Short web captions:
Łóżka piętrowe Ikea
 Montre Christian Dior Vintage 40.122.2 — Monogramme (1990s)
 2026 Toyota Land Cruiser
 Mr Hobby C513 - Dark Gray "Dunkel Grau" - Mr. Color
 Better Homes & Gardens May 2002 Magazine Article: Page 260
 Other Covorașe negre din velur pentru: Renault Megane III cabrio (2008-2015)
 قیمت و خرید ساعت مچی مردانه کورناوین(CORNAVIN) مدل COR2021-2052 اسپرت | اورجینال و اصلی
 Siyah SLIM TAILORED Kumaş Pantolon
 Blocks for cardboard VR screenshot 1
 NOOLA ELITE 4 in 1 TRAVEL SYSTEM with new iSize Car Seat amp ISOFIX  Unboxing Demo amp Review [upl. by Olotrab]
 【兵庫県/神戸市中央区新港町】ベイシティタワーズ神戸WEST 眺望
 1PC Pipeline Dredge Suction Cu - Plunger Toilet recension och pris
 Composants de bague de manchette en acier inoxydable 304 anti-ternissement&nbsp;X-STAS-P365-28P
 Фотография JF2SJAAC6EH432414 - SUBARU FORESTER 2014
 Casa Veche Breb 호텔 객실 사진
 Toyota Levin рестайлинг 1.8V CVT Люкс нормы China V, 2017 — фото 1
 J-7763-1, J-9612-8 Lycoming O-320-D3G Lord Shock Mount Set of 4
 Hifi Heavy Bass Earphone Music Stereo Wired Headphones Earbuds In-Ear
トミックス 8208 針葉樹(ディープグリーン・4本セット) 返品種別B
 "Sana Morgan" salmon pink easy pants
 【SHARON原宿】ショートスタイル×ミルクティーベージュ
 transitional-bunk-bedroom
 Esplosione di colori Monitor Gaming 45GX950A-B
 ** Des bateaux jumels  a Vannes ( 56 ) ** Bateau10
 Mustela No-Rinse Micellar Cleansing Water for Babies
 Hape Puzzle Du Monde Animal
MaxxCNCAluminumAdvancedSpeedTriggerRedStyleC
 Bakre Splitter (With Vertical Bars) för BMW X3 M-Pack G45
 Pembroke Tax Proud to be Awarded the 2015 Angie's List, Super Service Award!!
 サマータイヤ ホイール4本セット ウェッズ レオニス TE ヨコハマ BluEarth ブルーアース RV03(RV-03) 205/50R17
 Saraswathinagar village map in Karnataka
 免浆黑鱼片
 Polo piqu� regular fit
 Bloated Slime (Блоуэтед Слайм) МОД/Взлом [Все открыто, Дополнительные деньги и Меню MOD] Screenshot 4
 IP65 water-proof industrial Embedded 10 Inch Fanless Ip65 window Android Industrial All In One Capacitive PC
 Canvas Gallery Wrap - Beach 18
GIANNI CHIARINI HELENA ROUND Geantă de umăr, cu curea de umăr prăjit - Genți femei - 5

— Task statement —
Retype nothing except the lines from the line holding "Canvas Gallery Wrap - Beach 18" through the last line of the entries, both included.

— Finished exercise —
 Canvas Gallery Wrap - Beach 18
GIANNI CHIARINI HELENA ROUND Geantă de umăr, cu curea de umăr prăjit - Genți femei - 5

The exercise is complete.